About the job
At Tensorwave Cloud, we are dedicated to creating a seamless, secure, and resilient AI infrastructure on a large scale, breaking down barriers and redefining the norms to empower innovators and nurture AI advancements.
Role Overview
We are looking for a proactive Site Reliability Engineer with a robust software engineering background, tasked with the design, construction, and maintenance of highly scalable, secure, and resilient infrastructure.
In this pivotal role, you will engage in low-level systems design, automate infrastructure using contemporary tools, and ensure platform reliability.
This position is perfect for individuals who thrive at the intersection of systems programming and DevOps, proficient in coding with Go, JavaScript, Rust, C, or Zig while managing infrastructure with NixOS, Kubernetes, and Terraform.
Key Responsibilities
Design, build, and sustain infrastructure systems utilizing Linux and NixOS.
Utilize Terraform for infrastructure-as-code to provision and scale resources effectively.

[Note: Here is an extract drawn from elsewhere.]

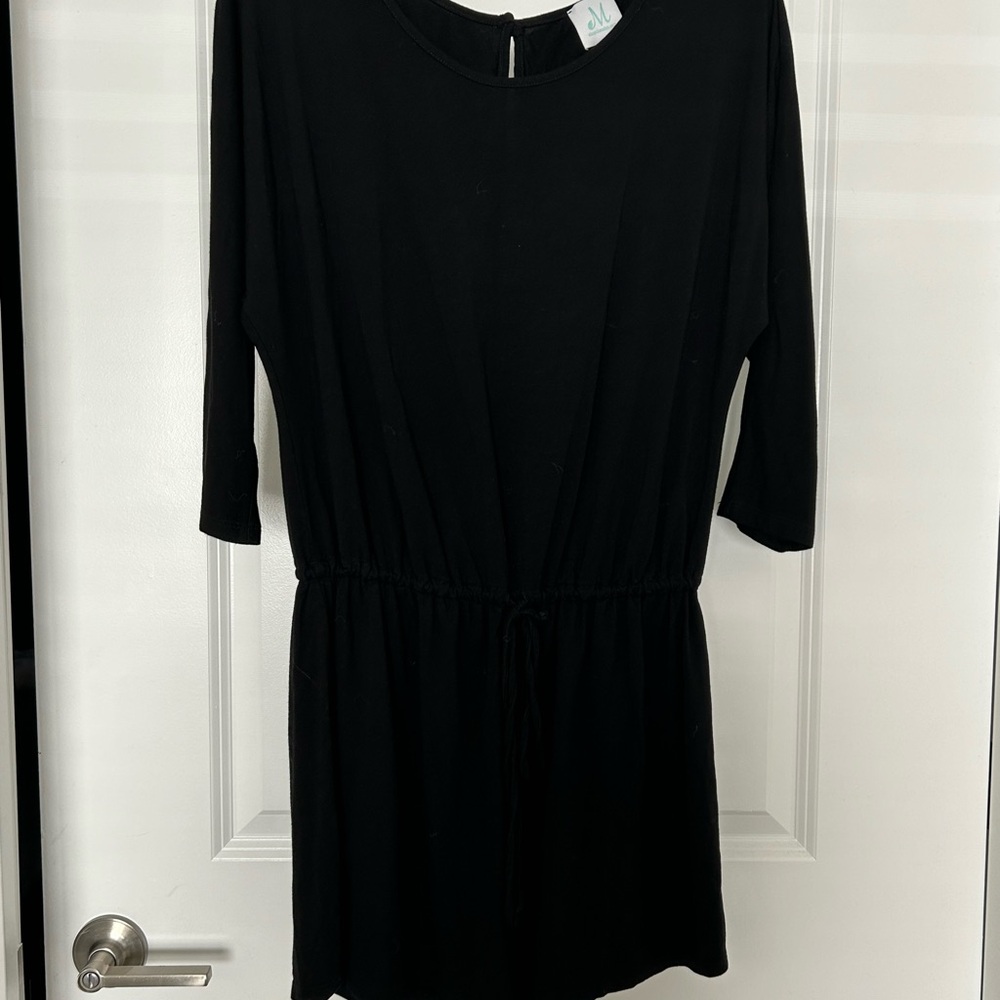 SHOP THE MINT • Black Mid Sleeves Romper • Medium •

Architect and operate Kubernetes clusters with an emphasis on performance, security, and automation.
Develop high-performance tools and internal utilities in Go or Rust.
Create and manage CI/CD pipelines for infrastructure and code deployments.
Monitor system performance, troubleshoot issues, and enhance reliability through observability tools.
Work collaboratively with engineering teams to support deployment strategies and development workflows.
Required Qualifications
Bachelor's degree in Computer Science, Computer Engineering, or a related technical field, or equivalent practical experience.
5+ years of experience in DevOps, Site Reliability, or Infrastructure Engineering roles.
Proficiency in one or more low-level programming languages such as Rust or Go.
Extensive experience with Linux systems and configuration management.
Hands-on experience with Terraform, Kubernetes, and containerized environments.
Strong understanding of systems programming, performance tuning, and operating system internals.
Familiarity with CI/CD practices and infrastructure monitoring/alerting tools.